Mozambique keeps strict control over the types of weapons used by the country’s poachers, Thornton notes, yet such weapons are available to the military. Similarly, police and military uniforms have repeatedly been found in poaching camps.

Thornton says that putting together the new petition took several months, due to the mass of evidence available.

“If all Mozambican citizens were prevented from illicitly crossing over the border, poaching would drop significantly. But there has been no enforcement on the Mozambique side, despite legal obligations under CITES,” he says.

“We believe that the Mozambique government should be held accountable for their activities and act rapidly against these poachers, criminal syndicates and those protecting them. They could close this trade literally in a week.

Unparalleled scope

Thornton says his office is not yet clear on whether the Obama administration has exerted diplomatic pressure on the Mozambique government over the issue of wildlife trafficking. But in filing the new petition, these groups are highlighting the fact that the president does indeed have the legal backing to act on the issue.
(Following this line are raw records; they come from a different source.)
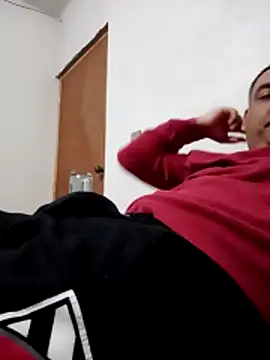 nek36 online show from January 17, 2026, 5:55 am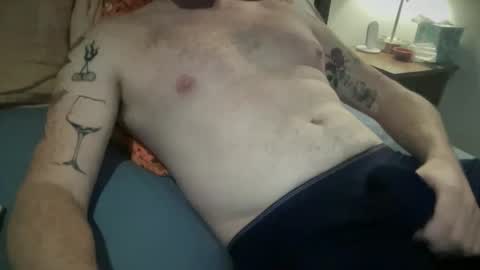 Snapshot of curiousmax18 chatting on November 2025 05:11:01 PM Maxx online show from November 2025 05:11:01 PM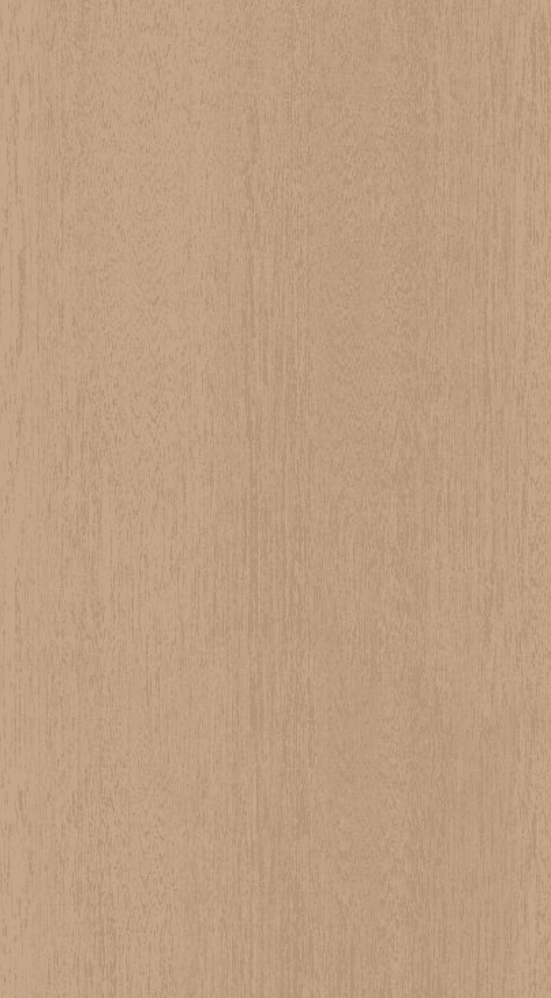 INH-102 Syncro  Texture Finish 8x4 ft 1 mm Decorative Laminates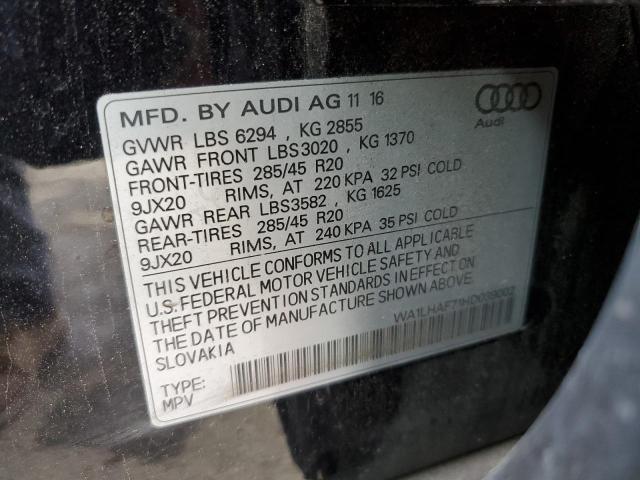 38987434-2017-audi-q7_13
Under U.S. legislation known as the Pelly Amendment, the president is allowed to impose trade sanctions if a country is certified to be “diminishing the effectiveness” of an international conservation programme. (U.S. officials could not be reached for comment for this story.)

Further, there is notable precedent under which past determinations – set in motion by EIA petitions – have met with particular success. Two decades ago, for instance, a similar petition was lodged around the trafficking of rhinoceros and tiger parts through Taiwan into China.

That effort resulted in U.S. trade sanctions. Over the following two years, both the Taiwanese and Chinese governments engaged in a broad crackdown on these trades.

“This had a huge impact on reducing demand [for ivory] and reducing the poaching of rhinos virtually around the world,” Thornton says.

“We saw rhino populations stabilise worldwide, because two of the biggest markets had closed for demand. This is the same thing we’re now looking for in Mozambique.”

He continues: “And we’re hoping for a particularly prompt response, because the scope of illegal activities we’re currently seeing – where one country is sending hundreds of poachers into another country – is almost unparalleled.”